Actually, the country received inflows much more than necessary to bridge its CAD.

To the extent these surplus dollars were mopped up by the RBI to build its forex reserves, leading to a corresponding release of rupee liquidity, they helped keep domestic interest rates low and prop up investments.

Either way, the real story of the 2000s, as far as India was concerned, was one that witnessed unprecedented domestic investment activity, neither driven nor financed primarily by global capital.

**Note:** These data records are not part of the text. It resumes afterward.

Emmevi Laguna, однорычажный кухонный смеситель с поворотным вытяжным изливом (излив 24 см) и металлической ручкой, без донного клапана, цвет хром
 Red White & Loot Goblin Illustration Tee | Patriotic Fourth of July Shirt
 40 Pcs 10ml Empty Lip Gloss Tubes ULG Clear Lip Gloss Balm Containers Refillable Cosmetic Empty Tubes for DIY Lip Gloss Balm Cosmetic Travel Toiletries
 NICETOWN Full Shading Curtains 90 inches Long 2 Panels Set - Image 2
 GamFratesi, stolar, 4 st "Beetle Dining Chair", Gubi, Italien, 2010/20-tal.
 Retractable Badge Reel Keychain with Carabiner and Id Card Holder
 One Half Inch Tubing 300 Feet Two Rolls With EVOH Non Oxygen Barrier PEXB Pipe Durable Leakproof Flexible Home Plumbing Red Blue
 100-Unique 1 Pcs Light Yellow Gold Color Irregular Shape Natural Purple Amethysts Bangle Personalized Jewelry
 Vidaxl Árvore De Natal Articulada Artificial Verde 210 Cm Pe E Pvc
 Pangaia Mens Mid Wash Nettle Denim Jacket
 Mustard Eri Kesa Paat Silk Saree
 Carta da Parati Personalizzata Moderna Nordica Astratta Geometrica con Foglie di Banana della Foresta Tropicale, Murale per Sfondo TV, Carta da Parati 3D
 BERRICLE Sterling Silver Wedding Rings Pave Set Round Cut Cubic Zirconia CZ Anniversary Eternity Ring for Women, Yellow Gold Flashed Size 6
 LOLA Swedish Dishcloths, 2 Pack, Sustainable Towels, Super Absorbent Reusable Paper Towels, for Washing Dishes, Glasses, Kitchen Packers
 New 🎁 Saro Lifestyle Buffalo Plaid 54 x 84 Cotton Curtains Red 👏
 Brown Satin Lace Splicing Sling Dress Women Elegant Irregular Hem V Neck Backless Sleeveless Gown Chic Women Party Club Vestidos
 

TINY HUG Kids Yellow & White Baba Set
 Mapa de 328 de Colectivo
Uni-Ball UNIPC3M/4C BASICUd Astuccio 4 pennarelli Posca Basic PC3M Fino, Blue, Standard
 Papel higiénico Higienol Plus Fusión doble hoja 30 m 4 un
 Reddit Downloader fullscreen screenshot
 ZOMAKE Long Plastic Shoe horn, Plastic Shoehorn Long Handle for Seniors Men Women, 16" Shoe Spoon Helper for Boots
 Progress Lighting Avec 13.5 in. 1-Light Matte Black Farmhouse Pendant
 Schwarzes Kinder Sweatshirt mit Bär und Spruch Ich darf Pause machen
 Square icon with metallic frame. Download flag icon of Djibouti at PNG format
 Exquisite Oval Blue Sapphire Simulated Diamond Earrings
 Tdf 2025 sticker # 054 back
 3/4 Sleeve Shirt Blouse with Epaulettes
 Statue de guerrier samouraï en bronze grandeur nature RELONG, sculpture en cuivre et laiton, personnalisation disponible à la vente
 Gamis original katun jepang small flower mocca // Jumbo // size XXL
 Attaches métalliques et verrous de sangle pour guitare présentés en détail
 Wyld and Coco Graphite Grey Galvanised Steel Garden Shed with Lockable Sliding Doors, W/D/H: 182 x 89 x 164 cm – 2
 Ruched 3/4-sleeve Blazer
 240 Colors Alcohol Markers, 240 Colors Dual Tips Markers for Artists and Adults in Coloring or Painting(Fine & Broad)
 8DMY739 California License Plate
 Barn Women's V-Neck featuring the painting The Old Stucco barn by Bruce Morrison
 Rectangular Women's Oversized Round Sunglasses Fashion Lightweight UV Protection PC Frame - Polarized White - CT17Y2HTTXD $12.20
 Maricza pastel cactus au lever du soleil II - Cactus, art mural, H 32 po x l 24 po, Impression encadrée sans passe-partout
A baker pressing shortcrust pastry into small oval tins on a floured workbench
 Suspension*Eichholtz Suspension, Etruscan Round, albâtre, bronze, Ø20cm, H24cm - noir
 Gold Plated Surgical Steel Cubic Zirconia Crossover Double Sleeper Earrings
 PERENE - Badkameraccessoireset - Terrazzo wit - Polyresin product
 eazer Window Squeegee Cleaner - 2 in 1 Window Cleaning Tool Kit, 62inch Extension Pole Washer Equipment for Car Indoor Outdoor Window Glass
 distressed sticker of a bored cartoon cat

This was a decade where Indian private capital truly came into its own, having displayed similar ‘animal spirits’ earlier in the mid-1990s – which was, however, a momentary sparkle extinguished by RBI’s monetary tightening measures and the 1997 Asian financial crisis that followed.

Today, there are no ‘animal spirits’ to drive investments. With corporate profits, household incomes and government finances all under pressure, the domestic savings rate, too, has fallen. All this, even as the CAD has crossed 4 per cent of GDP. India, ironically perhaps, needs foreign capital more now than during its investment boom last decade!

But a revival in growth and investment cannot take place without Indian entrepreneurs rediscovering their ‘animal spirits’.

If and when that happens, the chances are it would, as before, be bankrolled in the main by domestic savings and not any rising tide of global liquidity.